また、本実施の形態では浸炭処理後、焼き入れ処理、焼き戻し処理を行ってねじ山基端部150の硬化と内部の靭性を得たが、表面に窒化物を形成させてねじ山基端部150の硬化を行ってもよいし、表面に硬質めっきを施してねじ山基端部150の硬化を行ってもよい。あるいは、ねじ山基端部150の表面に硬質の薄膜等を蒸着させて硬化を行ってもよい。
また、タルク9には粉体を用いたが、そのタルクの粉体を筒状に圧縮成形した滑石リングを用いてもよい。
また、本実施の形態では、主体金具50のねじ首に設けた溝状の係合部59にガスケット5を嵌挿したが、シール部54の座面55を、図7に示すスパークプラグ500の座面555のように、先端側に向けて縮径するテーパ状に形成してもよい。この場合、エンジンヘッド600の取付ねじ孔601の開口周縁部605も、主体金具500のシール部554の座面555が当接する面積が広くなるように、テーパ状に形成する。
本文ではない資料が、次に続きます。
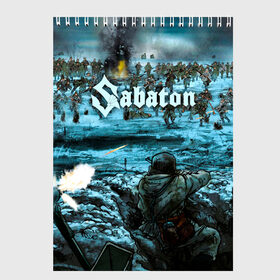 Скетчбук с принтом Sabaton в Петрозаводске, 100% бумага
 | 48 листов, плотность листов — 100 г/м2, плотность картонной обложки — 250 г/м2. Листы скреплены сверху удобной пружинной спиралью | battle | panzerkampf | primo victoria | sabaton | the art of war | the great war | атака мертвецов | бисмарк | броден | войны | группа | йоаким | латный ботинок | метал | ночные ведьмы | пауэр | рок | рыцарские доспехи | сабатон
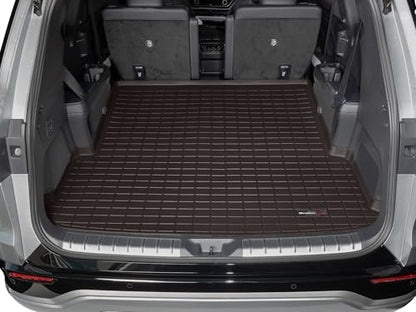 WeatherTech Cargo Trunk Liner for Lexus TX 500h, TX, Grand Highlander - Behind 2nd Row (431723), Cocoa - color: Cocoa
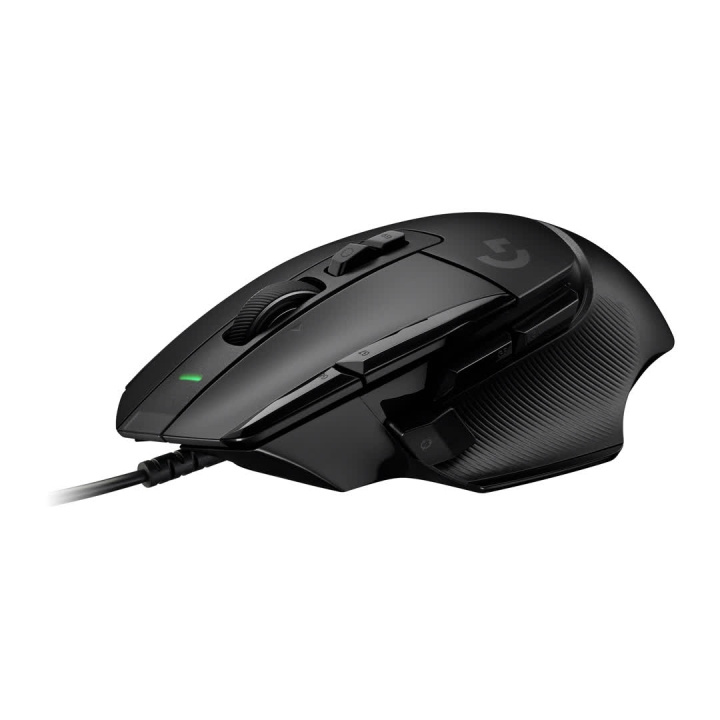 Logitech G502 X Gaming Mouse, Black in de groep COMPUTERS & RANDAPPARATUUR / GAMING / Muizen bij TP E-commerce Nordic AB (C44927)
そして、スパークプラグ500をエンジンヘッド600に取り付ける際には、締め付けによりエンジンヘッド600の開口周縁部605とシール部554の座面555との間の面接触によって両者間を封止することで、取付ねじ孔601を介したエンジン内の気密漏れを防止する。このような構成において、シール部554の座面555とエンジンヘッド600の開口周縁部605との間の封止効果を高めるには、主体金具550の取付ねじ部520のねじ山521と、エンジンヘッド600の取付ねじ孔601との螺合における締め付けを強く行い、座面555と開口周縁部605とを密着させるとよい。従って、ガスケット5(図1参照)を用いず、テーパシールによって封止を行うタイプのスパークプラグ500においても、本実施の形態と同様に、ねじ山基端部に対する部分的な硬化処理、すなわち焼き入れ・焼き戻し処理および浸炭処理の少なくともいずれか一方を施し、加締め部553よりもねじ山基端部560の硬度が高くなるようにして、ねじ首の機械的な強度を高めることの効果は高い。もちろん、このようなスパークプラグ500においてもねじ首に対する部分的な硬化処理を行った上、ガスケットを使用してよいことも言うまでもない。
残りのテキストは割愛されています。